§ Requirement
Pictures stay out; everything else in the records below is to be repeated exactly.

§ Supplied data
■ ■ ■ ■ ■

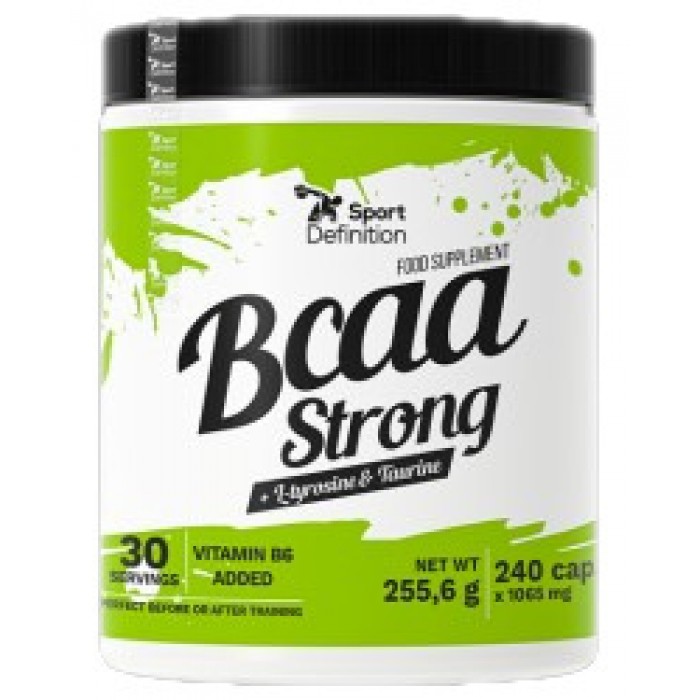 Sport Definition - BCAA Strong / 240 капсули, 60 дози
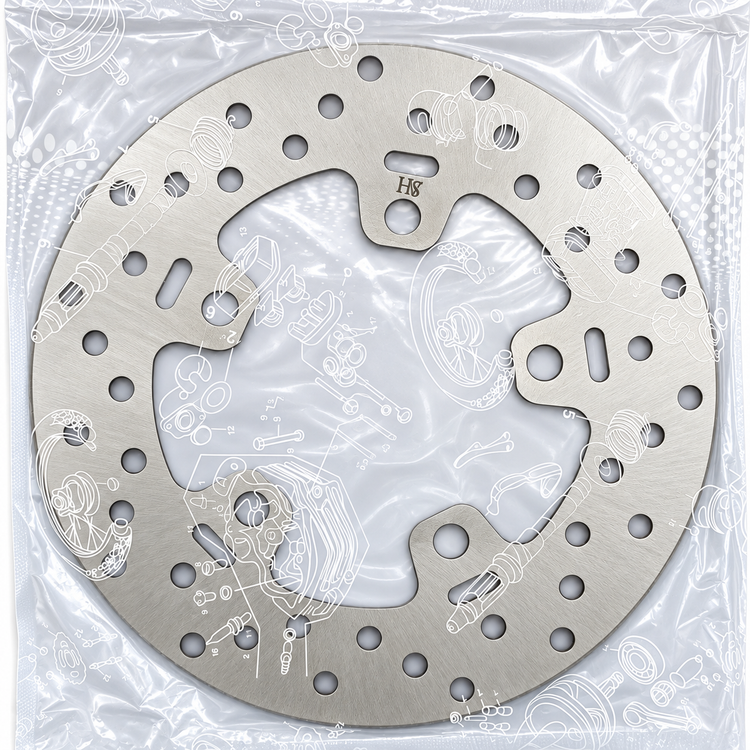 دیسک ترمز چرخ عقب یاماها HVS YAMAHA MX KING کد 202384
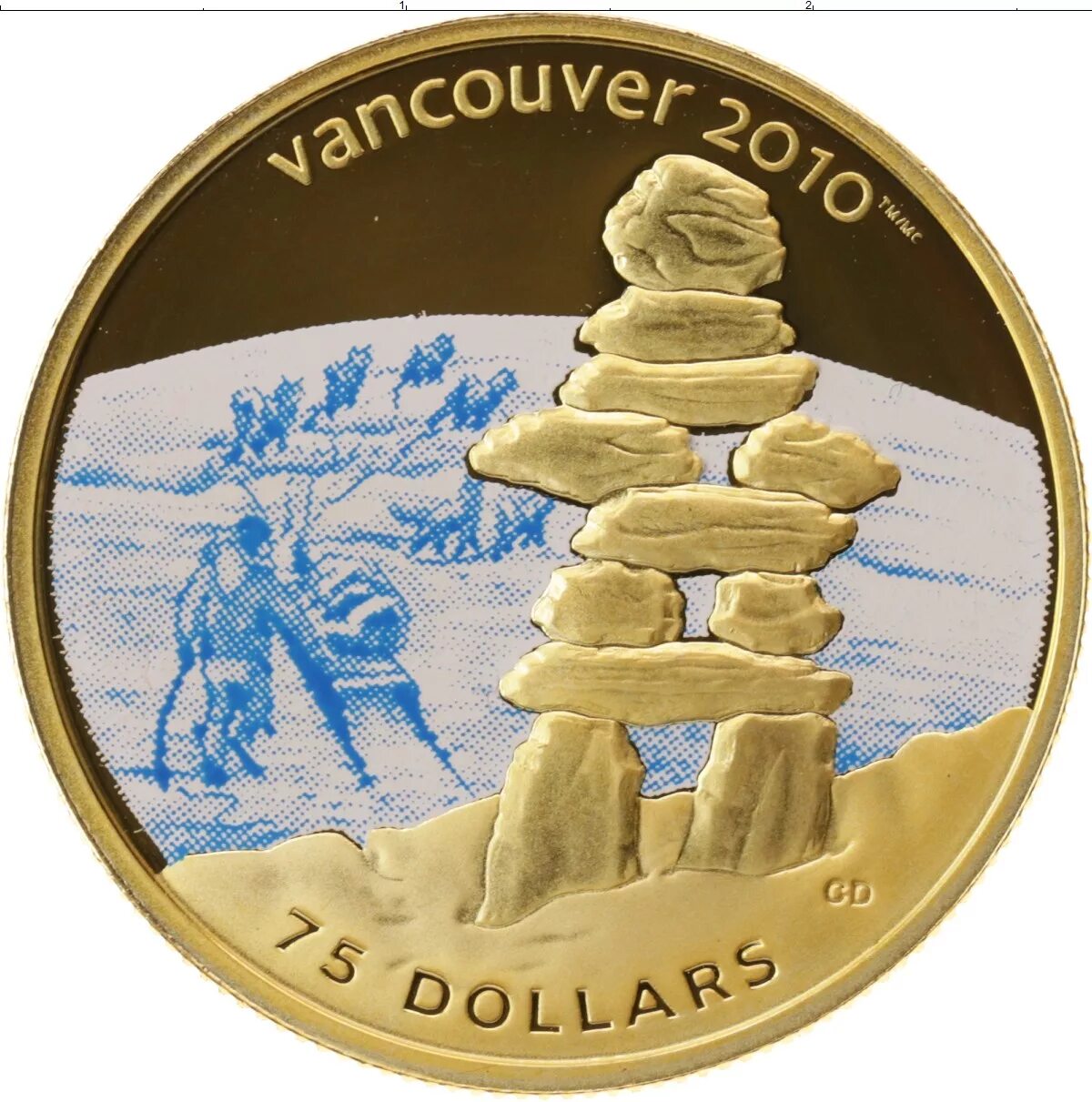 75 Долларов Канада Ванкувер 2010.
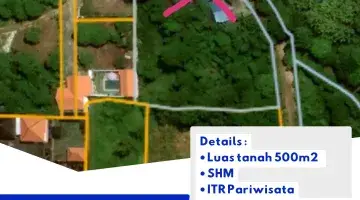 tampak depan lahan langka ukuran kecil di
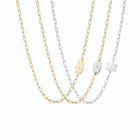 Dani Symbol Diamond Paperclip Necklace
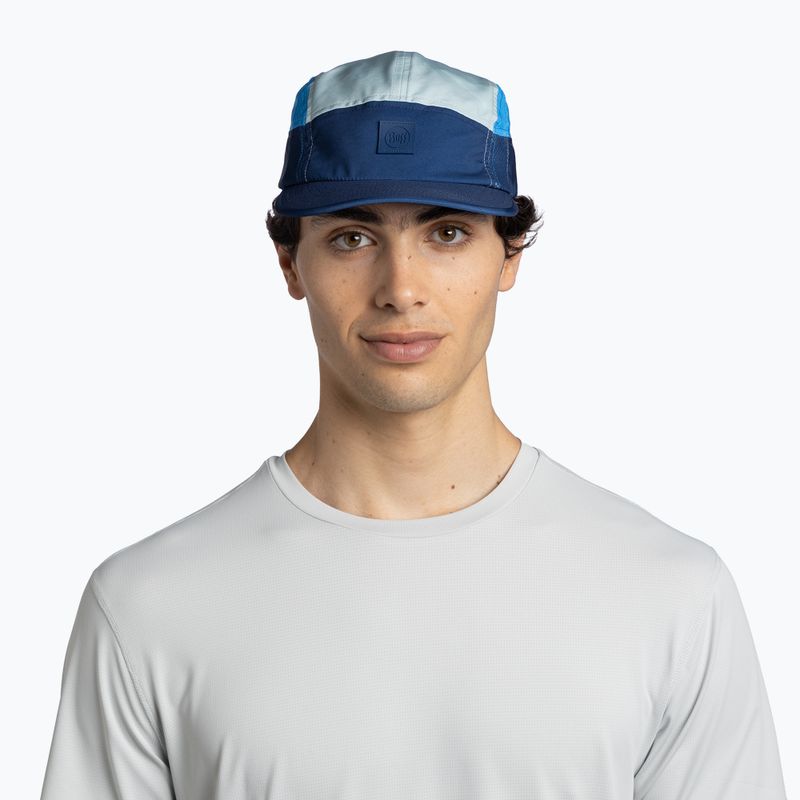 Šiltovka BUFF 5 Panel Go domus denim 3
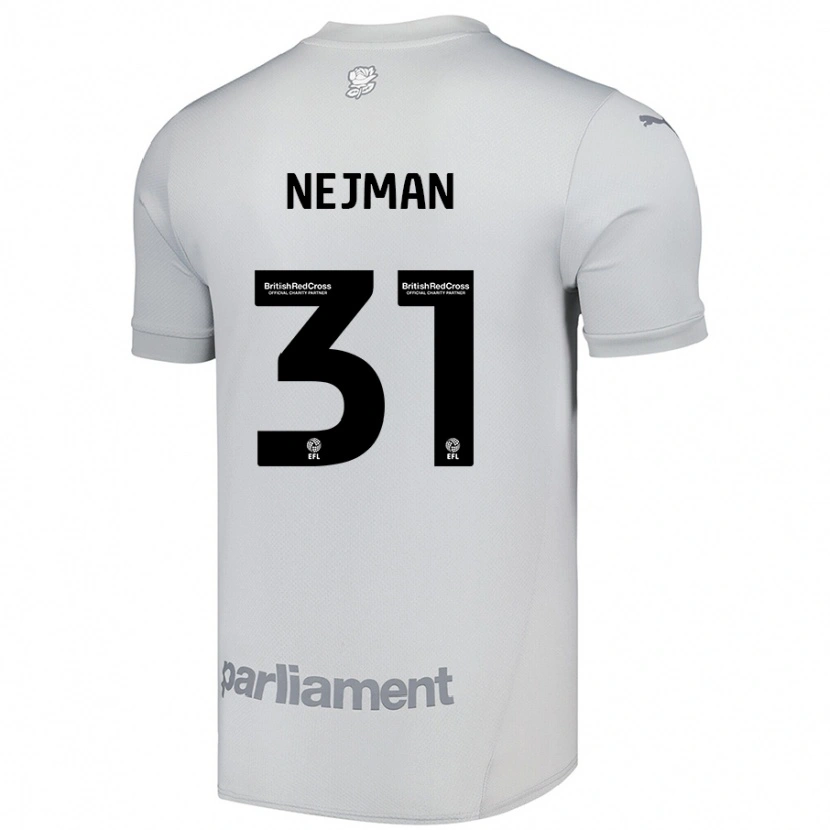 Danxen Bambino Maglia Harrison Nejman #31 Grigio Argento Kit Gara Away 2024/25 Maglietta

■ ■ ■ ■ ■

§ Response to the task
 Sport Definition - BCAA Strong / 240 капсули, 60 дози
 دیسک ترمز چرخ عقب یاماها HVS YAMAHA MX KING کد 202384
 75 Долларов Канада Ванкувер 2010.
 tampak depan lahan langka ukuran kecil di
 Dani Symbol Diamond Paperclip Necklace
 Šiltovka BUFF 5 Panel Go domus denim 3
 Danxen Bambino Maglia Harrison Nejman #31 Grigio Argento Kit Gara Away 2024/25 Maglietta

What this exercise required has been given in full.